うるさくなくて清々する、そう小さく呟いたタアだが、一瞬でも(あいつらはどこに行った?)と探しに行こうとした自分自身を半ば疑いにかかっていた。
タア(…何やってんだか)
アホらしい、と小さく鼻で笑い、タアは立ち上がって部屋を出て行った。
◇◇◇
さて、そのアルムたちはというと。
ルーナ「すごーい、これかなりレアなんだよ!?」
ルージャ「あっ、こっちのこれも珍しいものだって聞いたよ!」
アルム「ちょっと…2人とも反対の方向に行かないで!」
右、左にそれぞれ向かおうとしたルーナとルージャを、必死に呼び止めるアルム。この賑わう店通りで、ひとたびルーナとルージャを見失えば、探して見つけ出すのは不可能に近い。順番にちゃんと回るから、と2人に告げ、3人固まっての行動を心がけた。一応この中では最年長だし、先ほどのファッグとトゥーダの一件もある。不安要素は拭い切れない…のだが。

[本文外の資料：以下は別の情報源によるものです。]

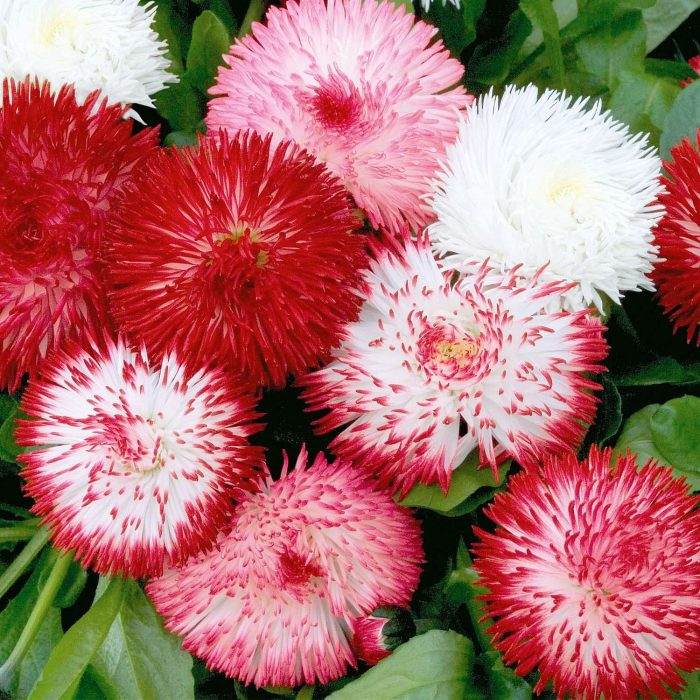 45bebc32-0eba-4be8-b60c-cf5e7a2bb25f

*「さあ、お次は名物、ラダトーム饅頭!お土産に、贈り物にどうぞ!」
ルーナ・ルージャ「!!!」
同時に2人が走り出す。言ったそばからこれである。
アルム「あぁっ!?ちょっと2人とも、ぼくの話聞いてたのー!?」
慌てて追いかけるアルム。観光はまだまだ終わらない。
◇◇◇
その頃、閑散とした広場にはセレイスがいた。宿主から一連の騒ぎについて聞き、急いでこちらに来たのだ。
セレイス「すみません…ここで何があったんですか?」
水を撒いている男に話しかけるセレイス。すると、男は騒ぎに巻き込まれた1人だったようで、事の一部始終を話してくれた。
*「…というわけさ。それで、その人が魔物に斬りつけた時に飛んだ血を、今洗い流してるんだ。血が付いた広場なんてみんな嫌がるからね」
セレイス「そうだったんですか…どうもありがとうございました」
礼を述べて、セレイスはもう一度広場を見渡してみる。
セレイス(まさかアルムが巻き込まれていたなんて…それに、アランって人は一体何者なんだろう?アルムに聞いてみる必要が…)
セレイスがそうやって考えこんでいる時、後ろから誰かに「アレクさん…?」と呼ばれた。くるりと振り向けば、そこには。